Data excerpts

---------------

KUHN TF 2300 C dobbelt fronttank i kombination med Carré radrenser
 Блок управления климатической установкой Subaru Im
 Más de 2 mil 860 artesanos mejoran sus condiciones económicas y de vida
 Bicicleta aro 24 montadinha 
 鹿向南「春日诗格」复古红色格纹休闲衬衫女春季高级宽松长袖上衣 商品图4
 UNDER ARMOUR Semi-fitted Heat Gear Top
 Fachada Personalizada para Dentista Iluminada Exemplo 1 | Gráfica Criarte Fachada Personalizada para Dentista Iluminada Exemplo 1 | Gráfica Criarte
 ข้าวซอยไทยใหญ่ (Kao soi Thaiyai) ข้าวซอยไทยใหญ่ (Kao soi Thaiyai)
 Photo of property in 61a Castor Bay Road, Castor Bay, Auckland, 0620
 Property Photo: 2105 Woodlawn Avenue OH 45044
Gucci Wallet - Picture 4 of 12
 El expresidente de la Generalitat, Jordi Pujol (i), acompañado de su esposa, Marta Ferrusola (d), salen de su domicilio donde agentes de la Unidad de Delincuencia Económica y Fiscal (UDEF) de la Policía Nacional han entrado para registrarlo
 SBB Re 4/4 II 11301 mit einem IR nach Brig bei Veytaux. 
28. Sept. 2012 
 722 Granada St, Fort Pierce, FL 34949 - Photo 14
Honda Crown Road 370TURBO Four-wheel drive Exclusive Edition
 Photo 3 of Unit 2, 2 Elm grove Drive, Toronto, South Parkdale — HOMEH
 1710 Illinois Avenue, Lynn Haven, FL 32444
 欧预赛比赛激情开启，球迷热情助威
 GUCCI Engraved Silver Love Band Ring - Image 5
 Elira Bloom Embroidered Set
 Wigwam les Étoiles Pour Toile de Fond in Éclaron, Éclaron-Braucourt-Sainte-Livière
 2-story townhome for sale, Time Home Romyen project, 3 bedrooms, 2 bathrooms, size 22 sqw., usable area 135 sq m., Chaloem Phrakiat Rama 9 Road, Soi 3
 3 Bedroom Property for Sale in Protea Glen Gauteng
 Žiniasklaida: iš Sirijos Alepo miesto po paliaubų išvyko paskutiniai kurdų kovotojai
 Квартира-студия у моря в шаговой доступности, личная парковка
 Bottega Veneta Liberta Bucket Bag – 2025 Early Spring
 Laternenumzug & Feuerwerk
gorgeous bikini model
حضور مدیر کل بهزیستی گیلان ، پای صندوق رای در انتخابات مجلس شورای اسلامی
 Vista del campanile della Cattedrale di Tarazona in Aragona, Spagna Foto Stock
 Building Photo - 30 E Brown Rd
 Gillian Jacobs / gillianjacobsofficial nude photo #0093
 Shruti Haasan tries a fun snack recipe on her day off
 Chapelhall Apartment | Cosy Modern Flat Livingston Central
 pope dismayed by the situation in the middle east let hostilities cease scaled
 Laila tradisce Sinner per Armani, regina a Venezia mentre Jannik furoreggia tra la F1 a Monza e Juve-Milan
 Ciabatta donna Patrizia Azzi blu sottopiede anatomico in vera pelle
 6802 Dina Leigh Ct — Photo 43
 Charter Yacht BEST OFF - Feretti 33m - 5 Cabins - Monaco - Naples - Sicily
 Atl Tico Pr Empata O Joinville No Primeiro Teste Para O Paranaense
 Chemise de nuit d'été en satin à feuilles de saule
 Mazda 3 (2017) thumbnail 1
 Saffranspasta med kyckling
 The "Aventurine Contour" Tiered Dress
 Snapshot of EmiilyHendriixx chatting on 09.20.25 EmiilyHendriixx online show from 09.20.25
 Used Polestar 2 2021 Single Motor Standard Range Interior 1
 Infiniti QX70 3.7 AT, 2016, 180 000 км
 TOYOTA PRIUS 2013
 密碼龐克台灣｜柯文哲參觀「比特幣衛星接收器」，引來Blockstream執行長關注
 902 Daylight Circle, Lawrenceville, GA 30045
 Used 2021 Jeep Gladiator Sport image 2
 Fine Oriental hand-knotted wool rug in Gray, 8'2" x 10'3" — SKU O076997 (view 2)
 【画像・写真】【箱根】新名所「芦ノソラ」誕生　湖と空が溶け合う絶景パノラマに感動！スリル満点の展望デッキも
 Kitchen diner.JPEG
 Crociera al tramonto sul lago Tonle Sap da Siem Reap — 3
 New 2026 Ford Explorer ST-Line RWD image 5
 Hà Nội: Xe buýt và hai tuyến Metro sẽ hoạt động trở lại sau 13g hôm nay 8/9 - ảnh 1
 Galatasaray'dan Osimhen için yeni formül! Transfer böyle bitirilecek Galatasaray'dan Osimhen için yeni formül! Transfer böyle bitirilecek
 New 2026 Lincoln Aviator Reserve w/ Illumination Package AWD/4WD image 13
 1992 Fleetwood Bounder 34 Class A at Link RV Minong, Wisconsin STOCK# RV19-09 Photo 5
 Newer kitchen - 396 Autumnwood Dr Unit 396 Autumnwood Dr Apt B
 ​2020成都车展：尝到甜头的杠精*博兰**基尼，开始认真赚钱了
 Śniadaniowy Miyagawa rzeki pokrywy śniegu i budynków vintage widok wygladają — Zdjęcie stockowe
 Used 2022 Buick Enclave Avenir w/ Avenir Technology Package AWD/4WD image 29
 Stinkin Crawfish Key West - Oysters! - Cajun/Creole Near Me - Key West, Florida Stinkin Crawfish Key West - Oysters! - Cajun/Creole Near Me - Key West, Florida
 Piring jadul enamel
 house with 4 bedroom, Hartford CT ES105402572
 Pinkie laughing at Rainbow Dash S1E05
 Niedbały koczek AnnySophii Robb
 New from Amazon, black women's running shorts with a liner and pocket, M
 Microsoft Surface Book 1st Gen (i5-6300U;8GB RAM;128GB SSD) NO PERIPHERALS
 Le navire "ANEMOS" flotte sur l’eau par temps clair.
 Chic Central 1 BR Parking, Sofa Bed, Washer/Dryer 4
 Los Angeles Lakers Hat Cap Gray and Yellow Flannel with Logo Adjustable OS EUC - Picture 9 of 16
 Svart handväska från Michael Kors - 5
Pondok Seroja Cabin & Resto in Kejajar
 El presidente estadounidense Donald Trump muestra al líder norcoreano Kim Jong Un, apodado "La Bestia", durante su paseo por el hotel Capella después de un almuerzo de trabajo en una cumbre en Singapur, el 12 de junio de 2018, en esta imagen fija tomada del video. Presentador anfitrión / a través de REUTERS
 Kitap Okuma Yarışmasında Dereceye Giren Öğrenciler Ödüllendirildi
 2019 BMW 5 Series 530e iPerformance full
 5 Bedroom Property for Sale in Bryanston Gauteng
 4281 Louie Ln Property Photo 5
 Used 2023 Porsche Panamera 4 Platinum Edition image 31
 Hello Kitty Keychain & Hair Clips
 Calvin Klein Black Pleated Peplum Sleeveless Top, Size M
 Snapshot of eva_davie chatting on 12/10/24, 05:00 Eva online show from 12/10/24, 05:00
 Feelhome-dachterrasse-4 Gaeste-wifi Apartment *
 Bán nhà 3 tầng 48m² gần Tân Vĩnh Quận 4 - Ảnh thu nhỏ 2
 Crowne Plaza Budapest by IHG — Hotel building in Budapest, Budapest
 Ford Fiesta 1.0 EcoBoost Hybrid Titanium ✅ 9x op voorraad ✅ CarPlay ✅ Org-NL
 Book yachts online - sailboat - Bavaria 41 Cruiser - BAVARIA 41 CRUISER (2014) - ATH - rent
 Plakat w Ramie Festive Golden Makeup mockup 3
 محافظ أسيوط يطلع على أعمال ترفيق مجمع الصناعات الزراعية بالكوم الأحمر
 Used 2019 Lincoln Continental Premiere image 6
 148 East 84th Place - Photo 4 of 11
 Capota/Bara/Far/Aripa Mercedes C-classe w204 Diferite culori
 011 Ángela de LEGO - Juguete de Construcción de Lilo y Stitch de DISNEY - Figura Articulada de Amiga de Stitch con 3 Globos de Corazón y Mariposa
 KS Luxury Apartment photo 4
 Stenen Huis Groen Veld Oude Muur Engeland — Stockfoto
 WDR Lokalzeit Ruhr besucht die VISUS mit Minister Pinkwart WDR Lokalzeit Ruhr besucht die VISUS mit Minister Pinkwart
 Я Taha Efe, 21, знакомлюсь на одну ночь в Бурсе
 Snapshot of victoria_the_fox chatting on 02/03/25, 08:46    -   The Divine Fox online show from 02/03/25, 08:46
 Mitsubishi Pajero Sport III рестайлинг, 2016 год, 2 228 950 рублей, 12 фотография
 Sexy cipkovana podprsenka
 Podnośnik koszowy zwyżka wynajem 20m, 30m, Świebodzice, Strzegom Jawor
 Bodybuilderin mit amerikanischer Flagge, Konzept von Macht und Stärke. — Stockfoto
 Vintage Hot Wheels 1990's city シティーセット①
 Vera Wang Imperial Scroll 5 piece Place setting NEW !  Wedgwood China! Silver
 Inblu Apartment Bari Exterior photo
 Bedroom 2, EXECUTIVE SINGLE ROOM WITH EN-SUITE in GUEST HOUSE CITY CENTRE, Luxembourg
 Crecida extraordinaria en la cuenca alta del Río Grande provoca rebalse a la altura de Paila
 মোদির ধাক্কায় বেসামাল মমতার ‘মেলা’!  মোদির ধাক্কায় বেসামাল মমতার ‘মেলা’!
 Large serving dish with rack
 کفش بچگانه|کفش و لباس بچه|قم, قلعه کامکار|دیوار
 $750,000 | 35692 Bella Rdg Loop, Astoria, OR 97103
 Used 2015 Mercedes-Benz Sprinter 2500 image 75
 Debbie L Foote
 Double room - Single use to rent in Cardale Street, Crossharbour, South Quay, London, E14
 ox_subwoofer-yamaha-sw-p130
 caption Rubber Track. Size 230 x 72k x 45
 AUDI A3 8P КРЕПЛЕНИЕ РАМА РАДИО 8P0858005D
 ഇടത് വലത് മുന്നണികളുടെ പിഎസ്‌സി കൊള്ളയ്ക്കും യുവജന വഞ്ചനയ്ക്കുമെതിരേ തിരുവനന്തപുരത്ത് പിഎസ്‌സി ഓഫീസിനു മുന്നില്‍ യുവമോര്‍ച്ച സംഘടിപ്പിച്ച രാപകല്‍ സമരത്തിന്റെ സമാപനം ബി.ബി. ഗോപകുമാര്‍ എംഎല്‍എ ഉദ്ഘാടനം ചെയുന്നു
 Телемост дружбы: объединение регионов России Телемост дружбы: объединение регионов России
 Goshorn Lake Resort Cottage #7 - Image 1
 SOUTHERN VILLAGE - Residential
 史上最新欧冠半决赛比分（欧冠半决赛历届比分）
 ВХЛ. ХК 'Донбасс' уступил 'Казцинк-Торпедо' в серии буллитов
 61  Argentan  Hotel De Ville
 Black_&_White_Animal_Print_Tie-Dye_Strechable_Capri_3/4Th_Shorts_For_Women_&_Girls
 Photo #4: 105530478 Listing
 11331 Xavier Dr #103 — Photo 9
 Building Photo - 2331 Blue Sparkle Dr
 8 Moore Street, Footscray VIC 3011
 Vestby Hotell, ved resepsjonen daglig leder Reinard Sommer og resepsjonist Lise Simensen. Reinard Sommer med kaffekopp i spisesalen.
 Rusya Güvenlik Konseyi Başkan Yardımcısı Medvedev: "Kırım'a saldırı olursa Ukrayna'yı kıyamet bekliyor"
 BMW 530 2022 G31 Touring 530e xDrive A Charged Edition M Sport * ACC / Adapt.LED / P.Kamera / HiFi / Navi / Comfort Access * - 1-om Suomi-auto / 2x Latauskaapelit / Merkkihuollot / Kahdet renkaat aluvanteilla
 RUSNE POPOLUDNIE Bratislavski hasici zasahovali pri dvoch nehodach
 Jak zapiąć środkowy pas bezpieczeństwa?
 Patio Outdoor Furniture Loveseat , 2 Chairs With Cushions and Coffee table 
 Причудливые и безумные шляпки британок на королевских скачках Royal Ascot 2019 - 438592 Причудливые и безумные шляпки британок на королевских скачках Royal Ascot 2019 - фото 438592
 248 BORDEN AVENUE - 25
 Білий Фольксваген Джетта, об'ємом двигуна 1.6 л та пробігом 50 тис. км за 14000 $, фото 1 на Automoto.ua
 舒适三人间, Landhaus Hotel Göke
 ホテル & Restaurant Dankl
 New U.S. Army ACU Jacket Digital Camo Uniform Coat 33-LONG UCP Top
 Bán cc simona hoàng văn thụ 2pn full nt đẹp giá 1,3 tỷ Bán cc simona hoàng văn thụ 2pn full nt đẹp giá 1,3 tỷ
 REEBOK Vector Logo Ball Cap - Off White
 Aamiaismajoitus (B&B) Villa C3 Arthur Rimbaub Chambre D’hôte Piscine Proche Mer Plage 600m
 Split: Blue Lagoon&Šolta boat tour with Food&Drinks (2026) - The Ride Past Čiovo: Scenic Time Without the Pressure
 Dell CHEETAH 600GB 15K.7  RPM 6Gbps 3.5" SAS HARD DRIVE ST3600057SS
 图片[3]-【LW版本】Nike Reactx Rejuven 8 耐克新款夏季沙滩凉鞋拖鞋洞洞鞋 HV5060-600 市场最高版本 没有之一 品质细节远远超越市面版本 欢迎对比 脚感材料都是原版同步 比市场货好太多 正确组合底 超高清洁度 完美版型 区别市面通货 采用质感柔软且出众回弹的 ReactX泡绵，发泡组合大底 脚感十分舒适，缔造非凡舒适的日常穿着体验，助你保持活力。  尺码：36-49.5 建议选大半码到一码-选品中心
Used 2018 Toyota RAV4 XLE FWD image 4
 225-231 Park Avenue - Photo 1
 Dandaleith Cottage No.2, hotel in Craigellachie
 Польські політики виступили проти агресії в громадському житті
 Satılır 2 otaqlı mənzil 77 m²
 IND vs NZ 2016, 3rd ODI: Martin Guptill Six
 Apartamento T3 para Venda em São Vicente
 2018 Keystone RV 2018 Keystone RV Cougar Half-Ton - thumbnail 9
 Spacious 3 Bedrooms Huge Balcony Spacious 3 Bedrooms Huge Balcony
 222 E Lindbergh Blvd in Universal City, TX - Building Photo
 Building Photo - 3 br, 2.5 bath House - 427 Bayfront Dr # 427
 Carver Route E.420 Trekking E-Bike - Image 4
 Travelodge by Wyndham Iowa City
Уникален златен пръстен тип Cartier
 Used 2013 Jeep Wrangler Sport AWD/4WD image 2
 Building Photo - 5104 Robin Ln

---------------

Exact reproduction is required: output the lines from the start of the entries above through the line with "鹿向南「春日诗格」复古红色格纹休闲衬衫女春季高级宽松长袖上衣 商品图4".

KUHN TF 2300 C dobbelt fronttank i kombination med Carré radrenser
 Блок управления климатической установкой Subaru Im
 Más de 2 mil 860 artesanos mejoran sus condiciones económicas y de vida
 Bicicleta aro 24 montadinha 
 鹿向南「春日诗格」复古红色格纹休闲衬衫女春季高级宽松长袖上衣 商品图4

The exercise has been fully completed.